Коул закусил губу, словно раздумывая, сколько можно сказать. И наконец произнес:
– Джордж, я ужасно боюсь.
– Чего именно?
– Что, если я наломаю дров?
– Обязательно наломаешь. И никаких «если».
– Отец!
– Джон, это правда. И он будет делать ошибки, и ты. Это бывает со всеми родителями без исключения.
Я испустил расстроенный вздох.
– Звучит не особенно ободряюще.
– Оно и не должно было так прозвучать, но такова правда. Фокус в том, чтобы извлекать из ошибок урок.
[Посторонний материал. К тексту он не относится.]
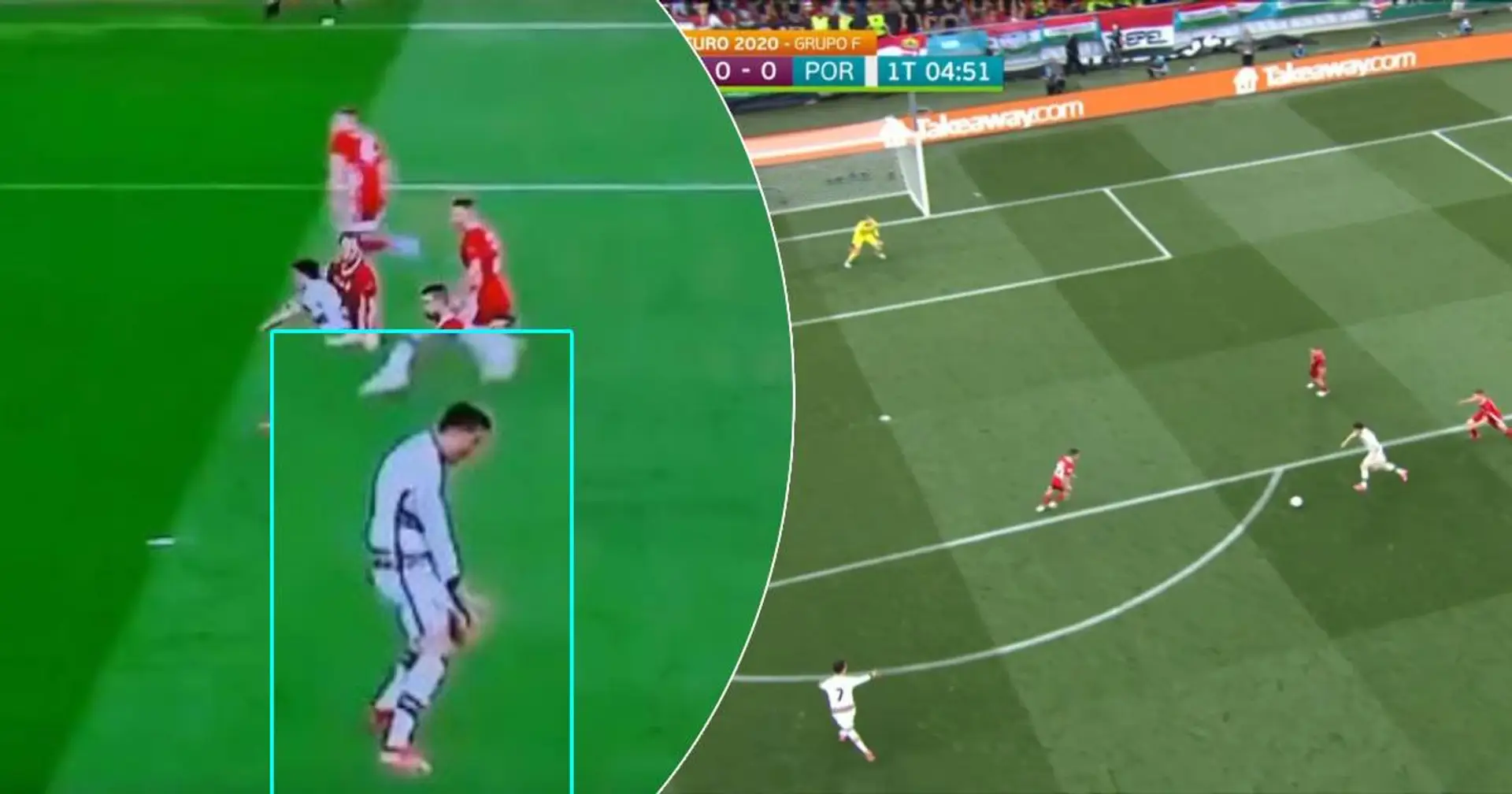 Jota annoys Cristiano Ronaldo as he refuses to pass the ball – caught on camera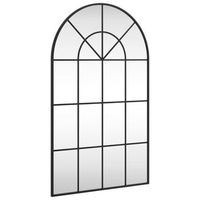 espejo de pared arco de hierro negro 60x100 cm vidaxl
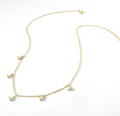 Gold Crystal Butterfly Charm Dangle Station Choker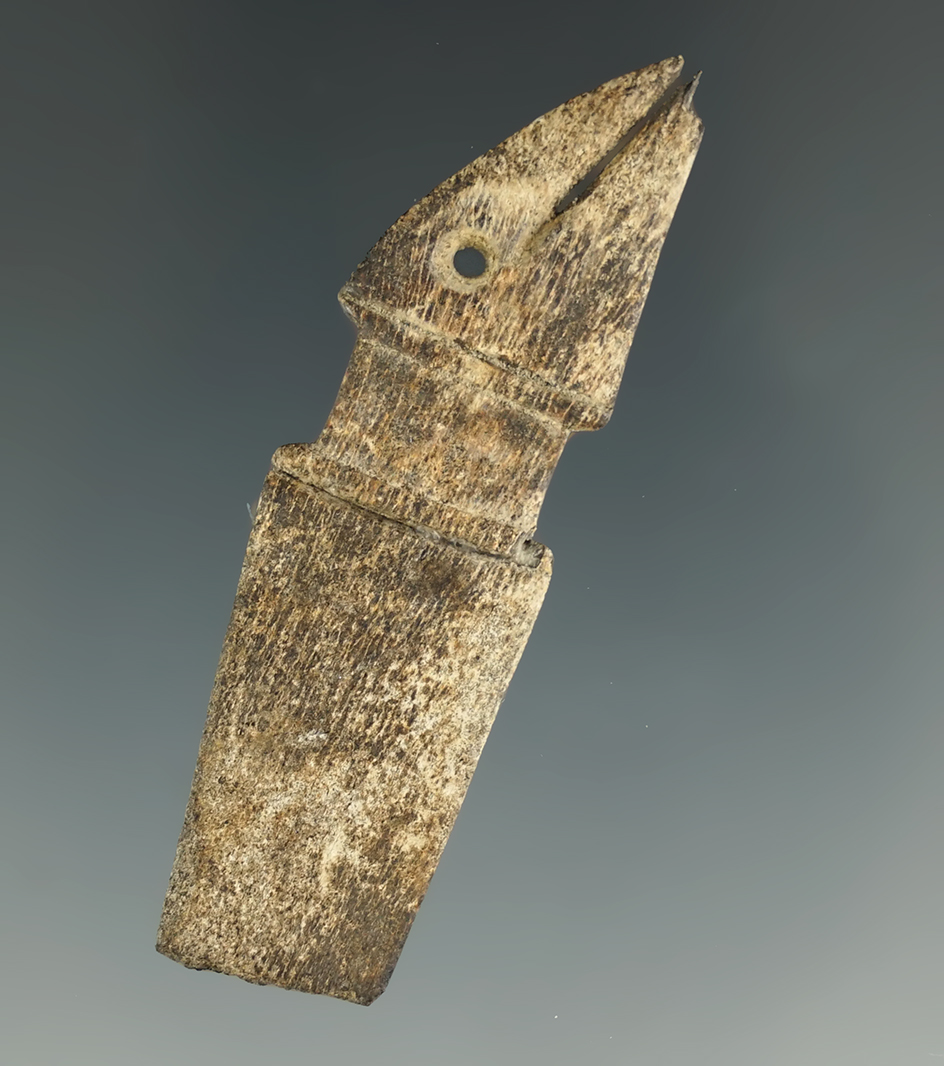 Exceptionally rare! 2 3/16" bone bird effigy, possibly the top section of a hairpin The Dalles, OR.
И минимизировать нанесенный ущерб. – Он улыбнулся Коулу. – Если худшей твоей промашкой станет холодная салфетка, которой ты вытрешь ей попку, можешь считать, что ты победил.
Коула это не убедило.
– Я хочу все сделать правильно.
Отец улыбнулся и положил руку Коулу на плечо.
– Сынок, послушай меня. – Обращение говорило само за себя. Я, кажется, еще ни разу не слышал, чтобы отец называл Коула сыном. Он наклонился и посмотрел Коулу прямо в глаза, чтобы подчеркнуть серьезность следующих слов. – Ты станешь великолепным отцом. И я говорю это не для того, чтобы тебе стало легче. Я правда в этом уверен.
Коул нерешительно улыбнулся.
– Даже при том, что я пирожок?
Отец рассмеялся.
– Ты шутишь? Именно потому. Ее будут любить до безумия, баловать и обожать. Она вырастет без предрассудков и с миллионом открытых перед собою дорог. Станет сильной, умной, бесстрашной. И будет знать, что у нее есть два отца и дедушка, которые сделают для нее все, что угодно. Ты хоть представляешь, как это потрясающе?
Коул повесил голову и закрыл ладонью глаза. Спрятаться – чего ему явно хотелось – здесь было негде, и я начал идти к нему, но отец обнял его раньше меня.
– Сынок, ты со всем справишься. Даже не сомневайся. Тебе не нужно переделывать детскую и покупать еще больше игрушек. И чертов подогреватель салфеток тоже не нужен. Все необходимое у тебя уже есть.
У меня в горле встал ком. Я бы расцеловал отца в этот момент, но мне не хотелось их прерывать и отвлекать папу от Коула, поскольку Коул нуждался в его внимании больше. И тем не менее, наблюдая за ними, я обнаружил, что обдумываю такую нелепую сентиментальную вещь, как групповое объятье.
– Слушай, Коул, – промолвил отец, не отпуская его. – Хорошо, что мы об этом заговорили.
– О чем? – спросил Коул. Вытирая щеки, он слегка отстранился, чтобы заглянуть папе в глаза. – О том, что я обязательно наломаю дров?
– Нет, – ответил отец. – О том, что все родители совершают ошибки. Не только твои.